*** Data for review ***
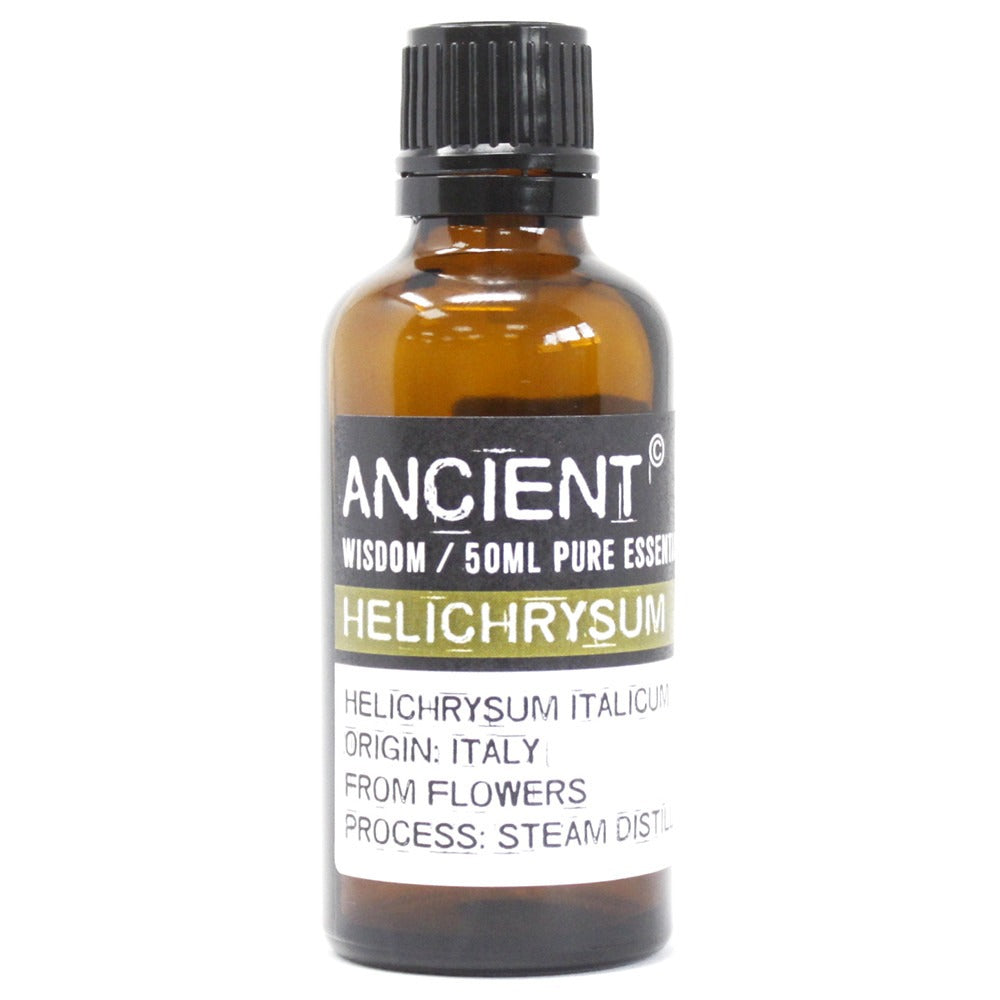 A brown glass bottle stands on a white surface. The label reads "ANCIENT WISDOM / 50ML PURE ESSENCE HELICHRYSUM HELICHRYSUM ITALICUM ORIGIN: ITALY FROM FLOWERS PROCESS: STEAM DISTIL".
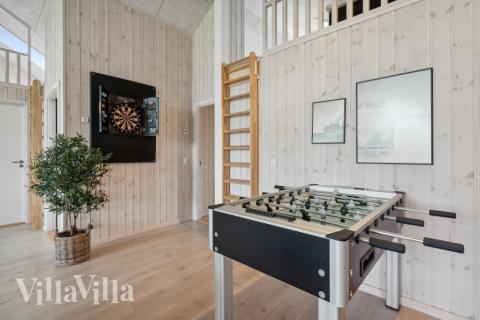 Aktivitätsraum im Luxusferienhaus Nr. 535 mit 8 Schlafzimmern und Platz für 20 Gäste.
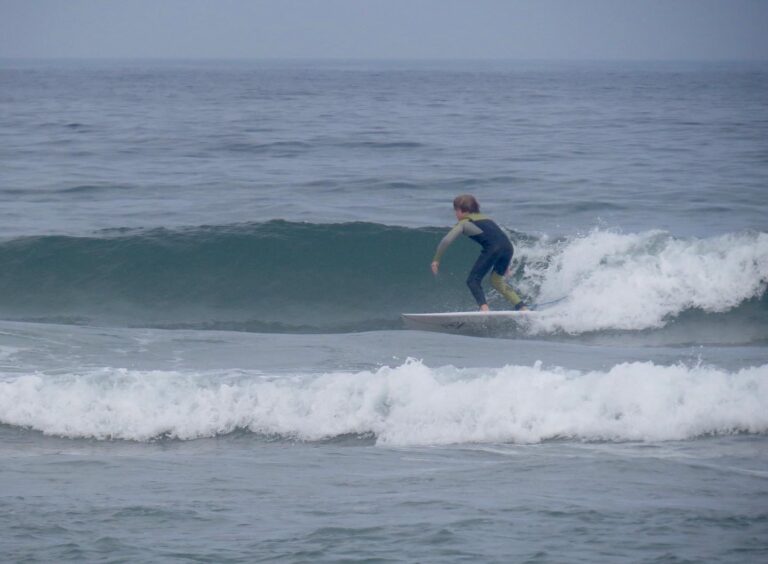 Perfect small wave surfing with Surf Guide Algarve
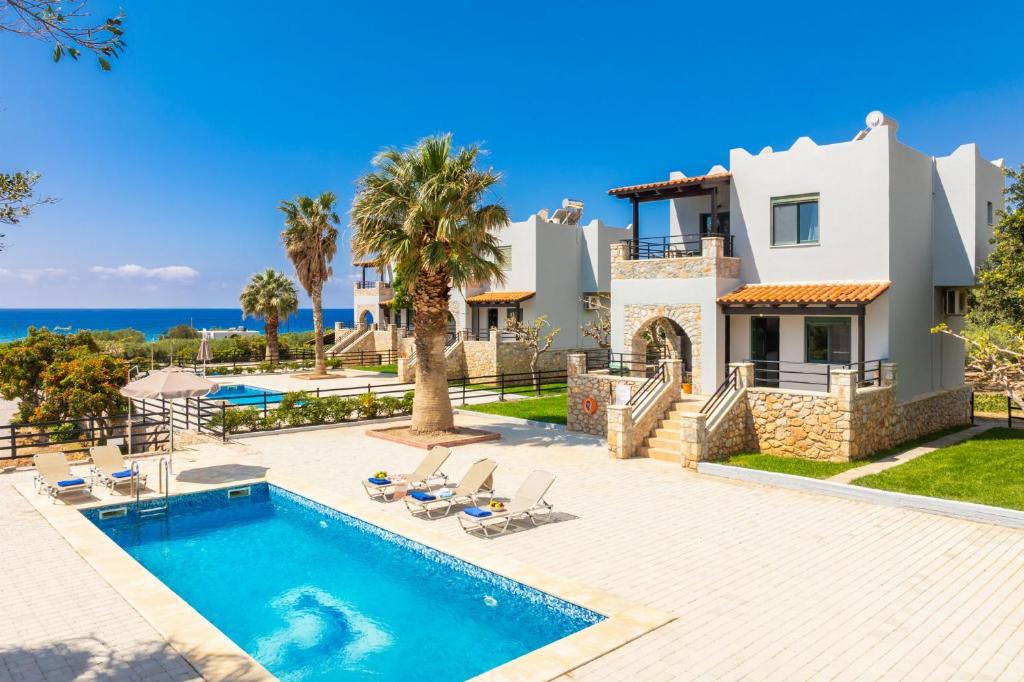 a villa with a swimming pool and the ocean at Spiros Beach Villa in Frangokastello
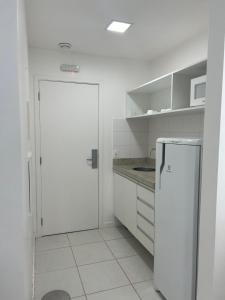 a white kitchen with a refrigerator and a microwave at Fusion e Vision Flats in Brasilia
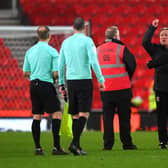 Neil Warnock, manager of Middlesborough is held back by a steward during the Sky Bet Championship match between Stoke City and Middlesbrough at Bet365 Stadium on December 05, 2020 in Stoke on Trent, England. The match will be played without fans, behind closed doors as a Covid-19 precaution. (Photo by Gareth Copley/Getty Images)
*** End of Data for review ***
- Exercise aim
Your task is an exact printout of the records above, with no pictures.

- Response to this task
 A brown glass bottle stands on a white surface. The label reads "ANCIENT WISDOM / 50ML PURE ESSENCE HELICHRYSUM HELICHRYSUM ITALICUM ORIGIN: ITALY FROM FLOWERS PROCESS: STEAM DISTIL".
 Aktivitätsraum im Luxusferienhaus Nr. 535 mit 8 Schlafzimmern und Platz für 20 Gäste.
 Perfect small wave surfing with Surf Guide Algarve
 a villa with a swimming pool and the ocean at Spiros Beach Villa in Frangokastello
 a white kitchen with a refrigerator and a microwave at Fusion e Vision Flats in Brasilia
 Neil Warnock, manager of Middlesborough is held back by a steward during the Sky Bet Championship match between Stoke City and Middlesbrough at Bet365 Stadium on December 05, 2020 in Stoke on Trent, England. The match will be played without fans, behind closed doors as a Covid-19 precaution. (Photo by Gareth Copley/Getty Images)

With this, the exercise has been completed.